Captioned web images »

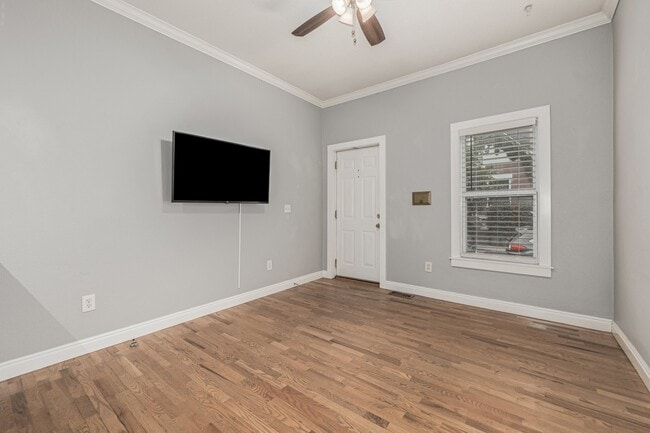 Photo - 2482 W Argyle Pl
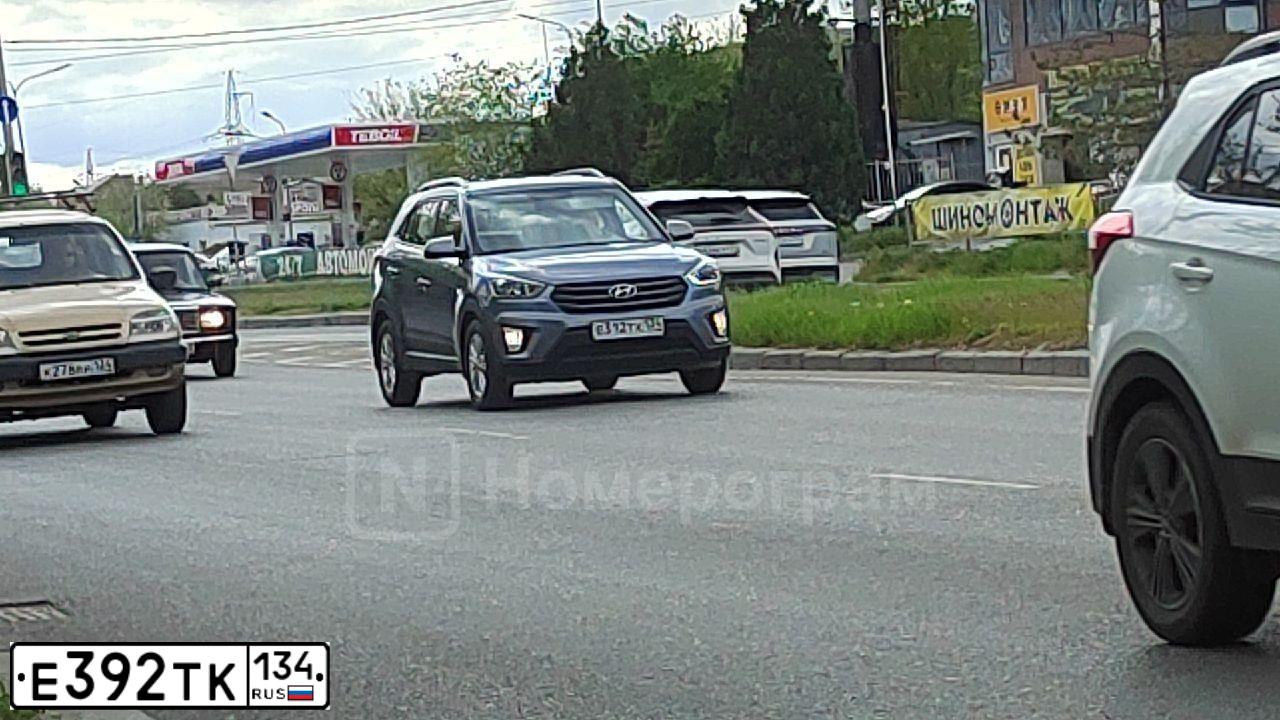 Фото автомобиля KIA RIO, 2019 — госномер Е662РТ08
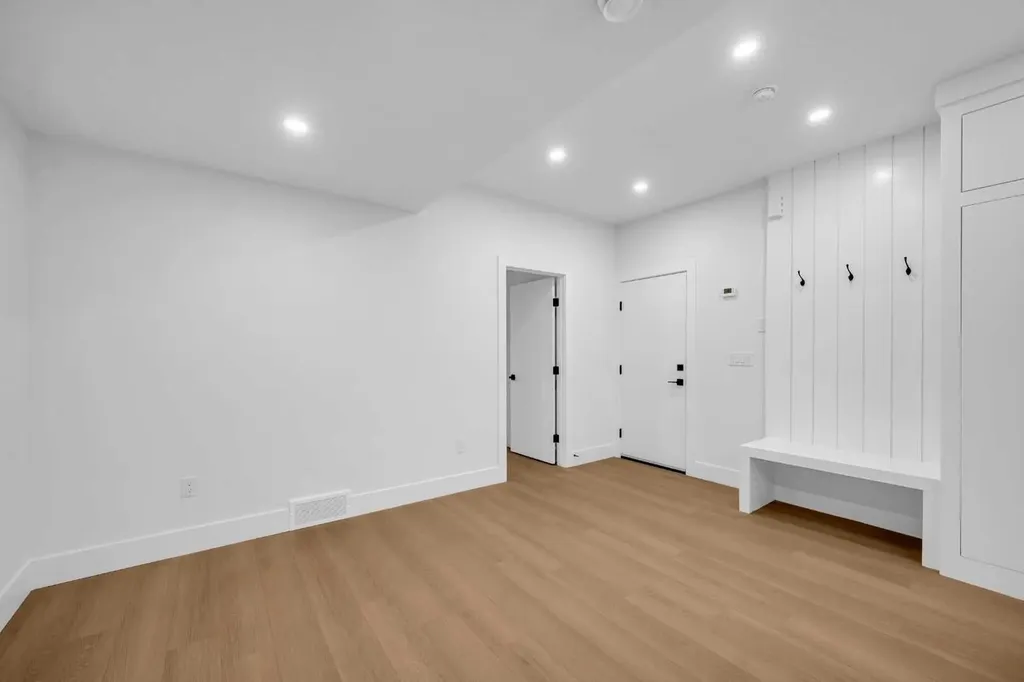 2430 36 Street SW Calgary AB T3E2Z5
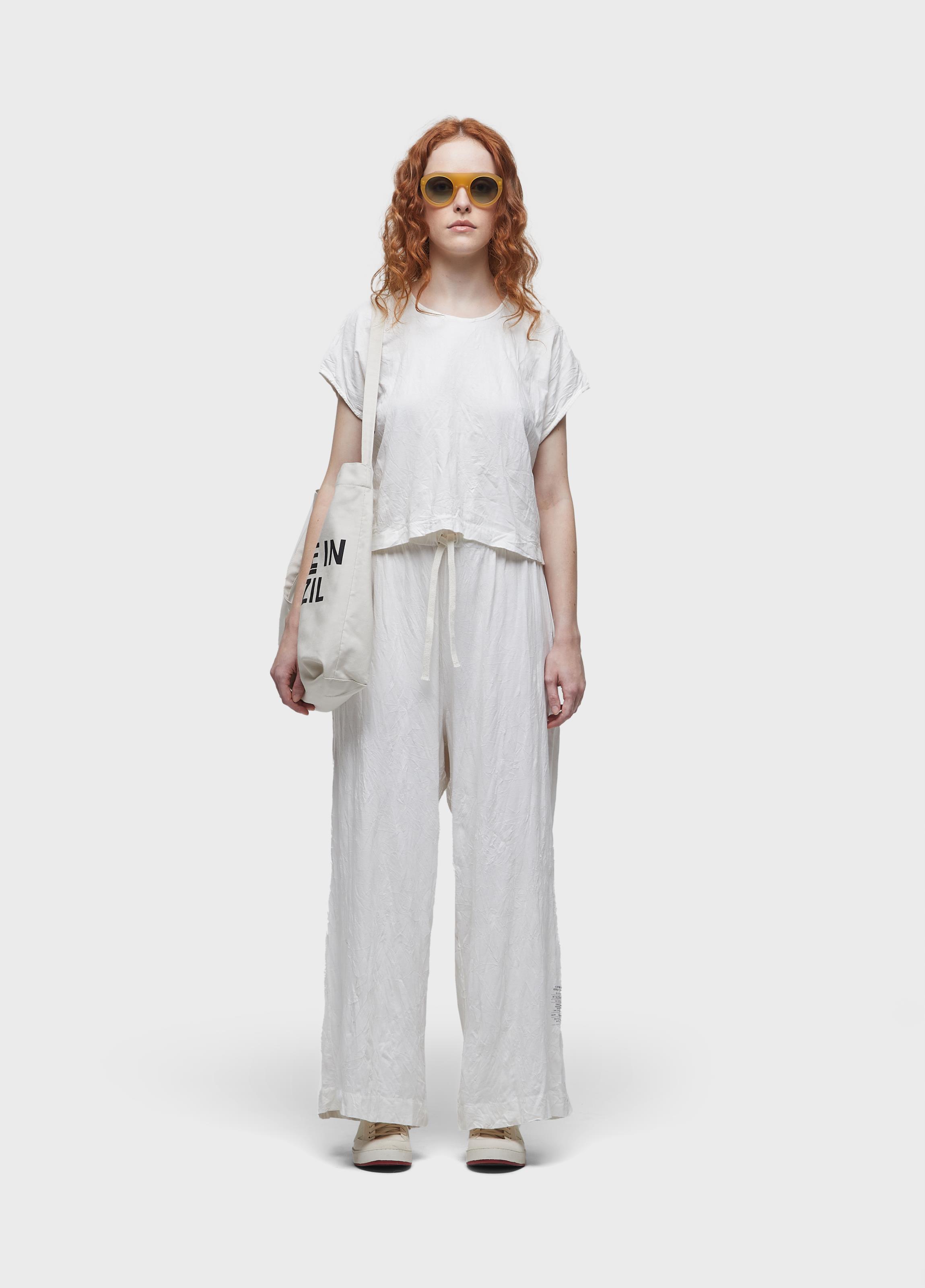 Blusa cropped wrinkled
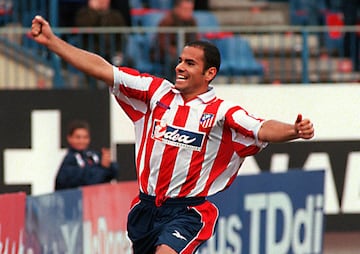Con el Atlético acabó siendo Pichichi de Segunda con 25 goles.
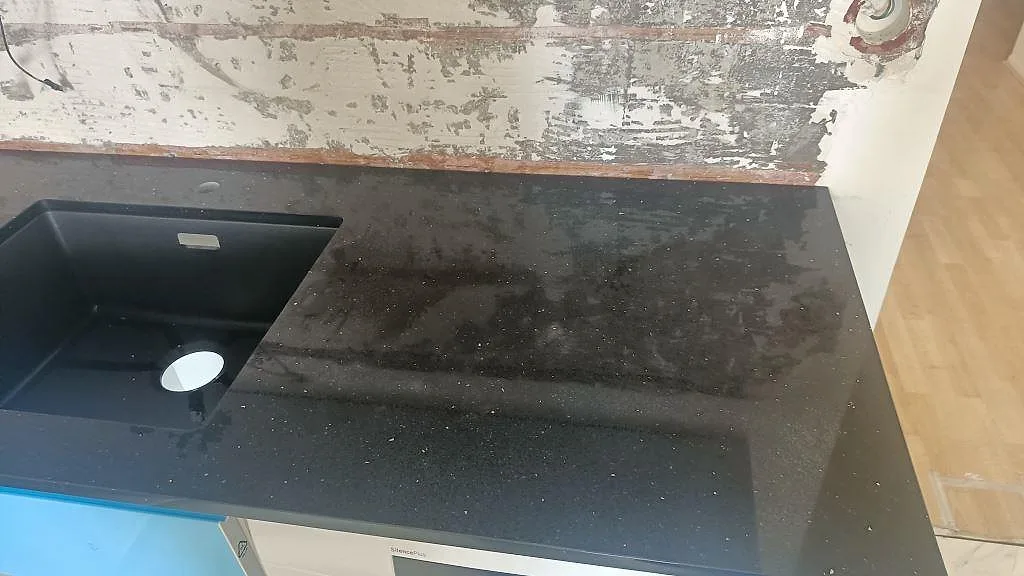 Køkkenbordplade i Technistone Starlight Black, Malmö – billede 2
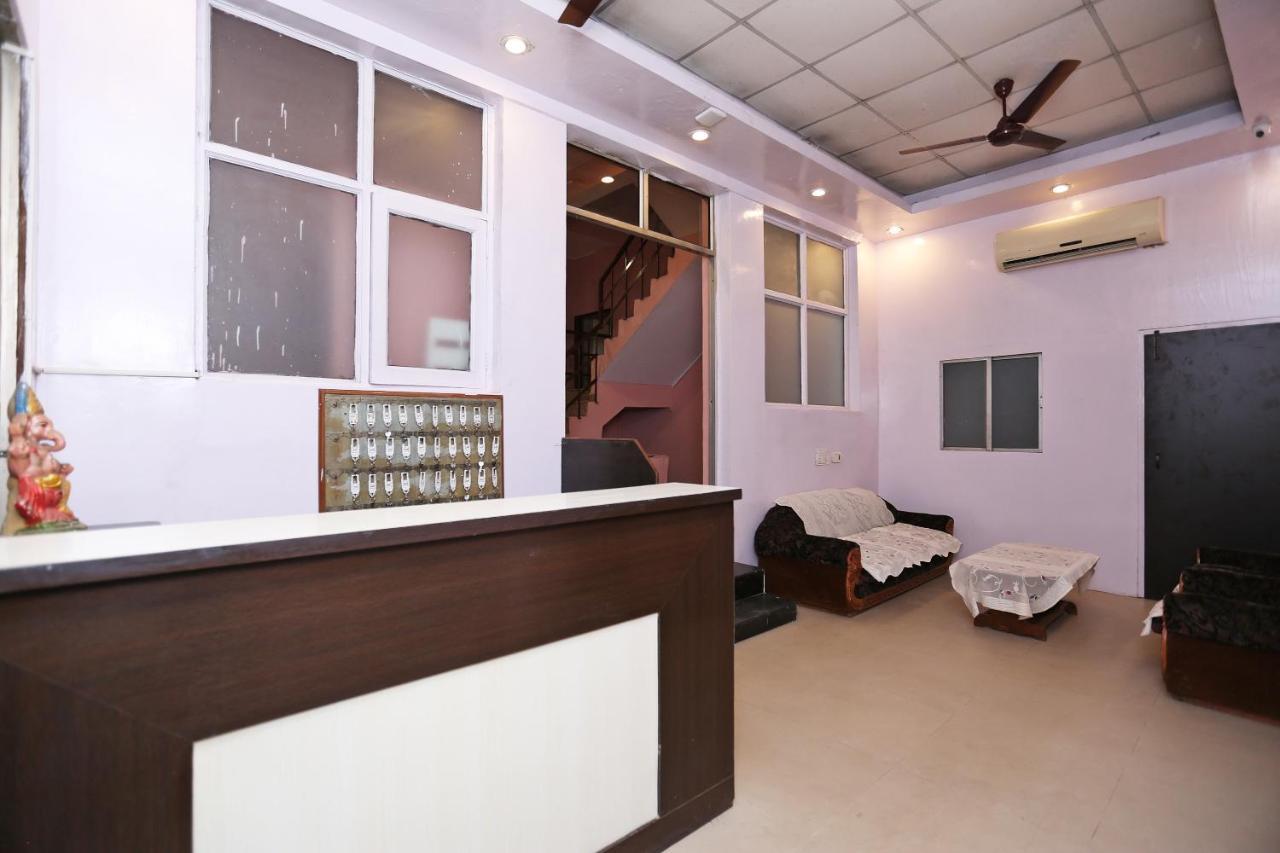 Oyo Flagship 14774 Sector 14 Gurgaon Hotel Exterior photo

Activity »
Print each entry exactly, leaving pictures out.

Task result »
 Photo - 2482 W Argyle Pl
 Фото автомобиля KIA RIO, 2019 — госномер Е662РТ08
 2430 36 Street SW Calgary AB T3E2Z5
 Blusa cropped wrinkled
Con el Atlético acabó siendo Pichichi de Segunda con 25 goles.
 Køkkenbordplade i Technistone Starlight Black, Malmö – billede 2
 Oyo Flagship 14774 Sector 14 Gurgaon Hotel Exterior photo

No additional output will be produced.